I’ll freely admit to having less to say about those involved in the production. Mainly because I’m not well versed in the names of Japanese cinema beyond the ones that have made their way to the mainstream here in North America like Mifune, Kurosawa and the monsters of Toho. It’s because of Nakadai’s association with Mifune and Kurosawa that I’m aware of his presence in film. His connection to the famous director goes back to his film debut as an unbilled extra in The Seven Samurai, appearing opposite Mifune in a trio of Kurosawa classics, Yojimbo (1961), Sanjuro (1962) and High and Low (1963). He’ d graduate to the lead roles in later Kurosawa films Kagemusha (1980) and Ran (1985). Nakadai even turned up in one of those Zatoichi films I so enjoyed earlier this year.
I suspect there are plenty more films with Mr. Nakadai that are worth hunting down so please feel free with any recommendations you might have.
Now back to the director Kobayashi, I know what you specialists in Japanese cinema are thinking. “He said he’s only seen one of the director’s films and it’s the superior Samurai Rebellion. But why the hell hasn’t he yet seen the highly rated Kwaidan?”

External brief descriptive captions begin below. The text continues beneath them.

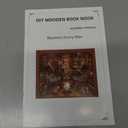 CCCDF DIY Book Nook Kit, Miniature Dollhouse Booknook Kit, 3D Wooden Puzzle Bookend Bookshelf Insert Decor with LED Light for Teens and Adults (Beyond Library Max)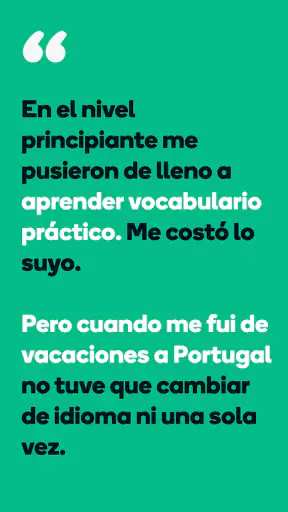 Memrise: Habla idiomas screenshot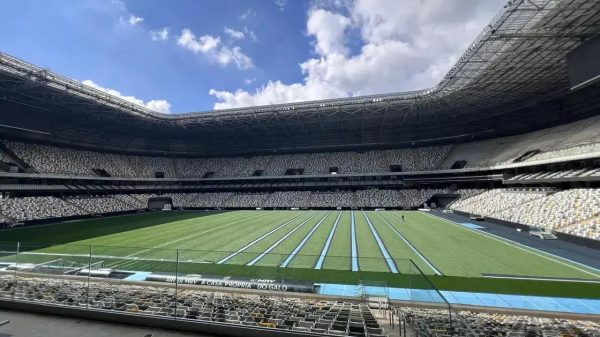 Indisponibilidade da Arena MRV gera perdas de R$ 15 milhões ao Atlético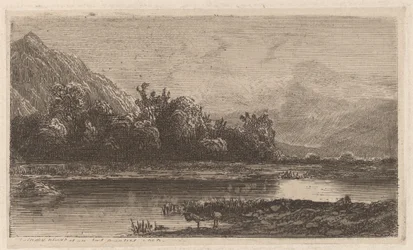 Górskie jezioro
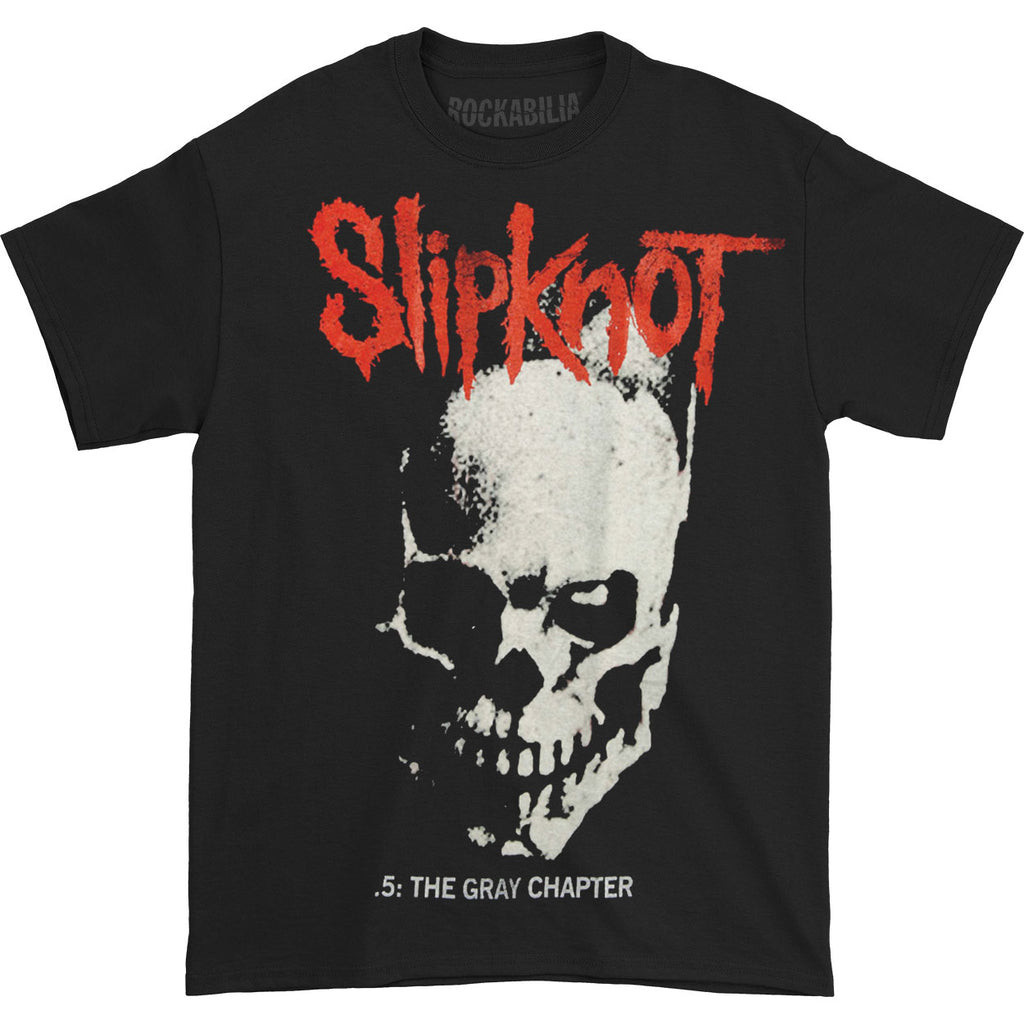 Baju Kaos SLIPKNOT The Gray Chapter Skull and Tribal T-shirt - Kaos Dewasa - Kaos Pria - Kaos Wanita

Yes I know, I’ll get to it and yes indeed, we have a copy in the house thanks to Number 1 and Number 2 sons, Ethan and Kirk, who have begun collecting numerous titles of classic Japanese cinema. The film was an award winner at the Cannes Film Festival while the director was a Nominee for the Palme d’Or. I’ve no idea how easy it is to get a copy of Harakiri but concur with my sons that it’s a cinematic journey well worth embarking on.